To do:
For this exercise, copy exactly the lines below from the one with "Grey Rolleiflex 4×4" through the one with "Hur rengör man" and leave out the pictures.

Record excerpts:

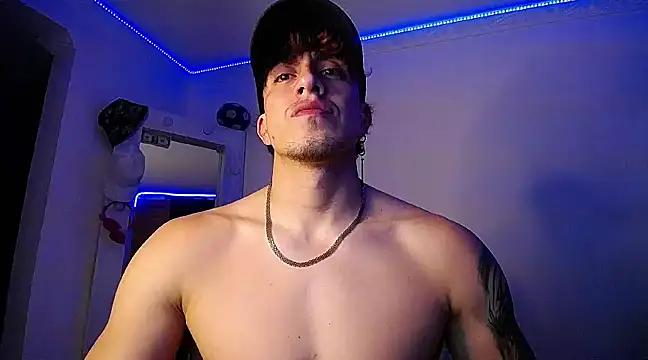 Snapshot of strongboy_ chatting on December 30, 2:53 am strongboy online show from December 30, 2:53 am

--

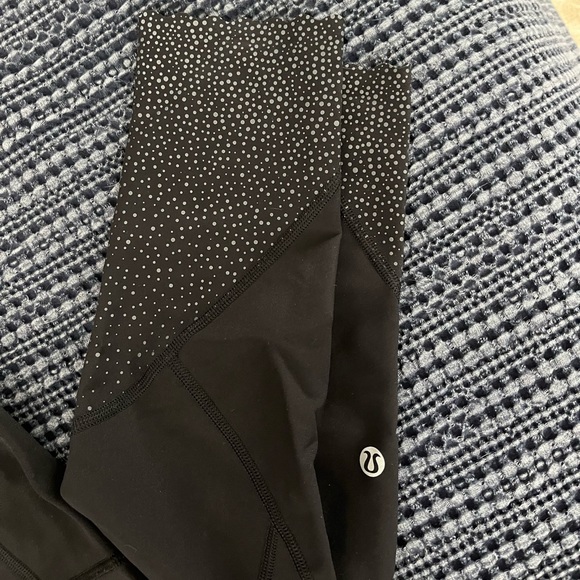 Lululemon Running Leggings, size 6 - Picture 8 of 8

---

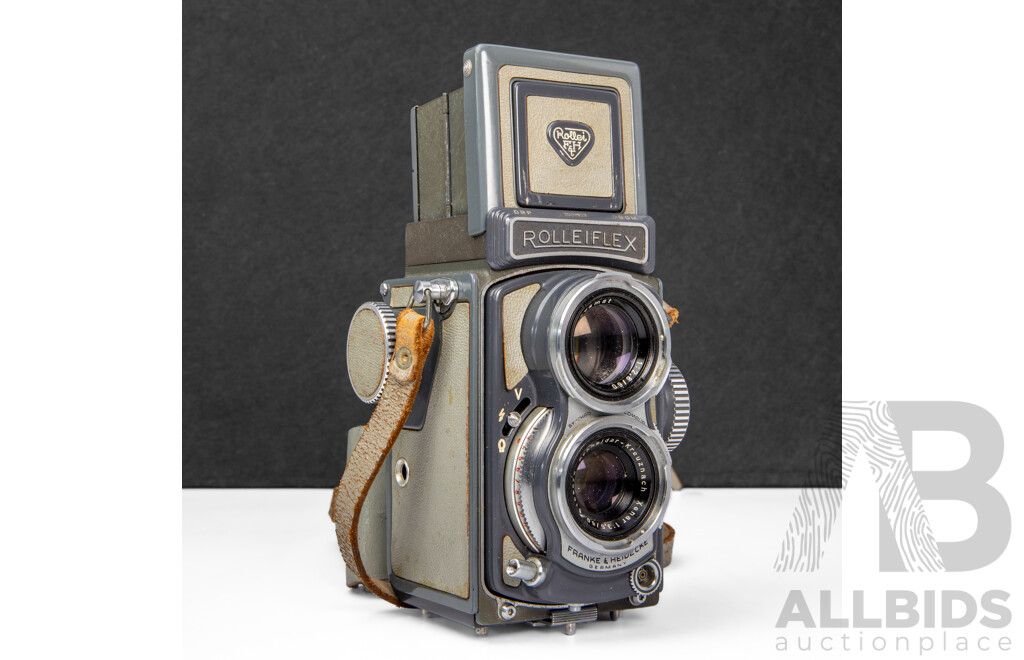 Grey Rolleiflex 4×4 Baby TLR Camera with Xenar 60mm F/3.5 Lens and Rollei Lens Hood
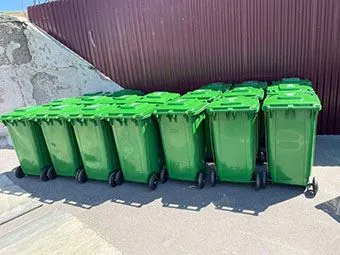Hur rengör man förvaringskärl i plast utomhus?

Your solution:
 Grey Rolleiflex 4×4 Baby TLR Camera with Xenar 60mm F/3.5 Lens and Rollei Lens Hood
Hur rengör man förvaringskärl i plast utomhus?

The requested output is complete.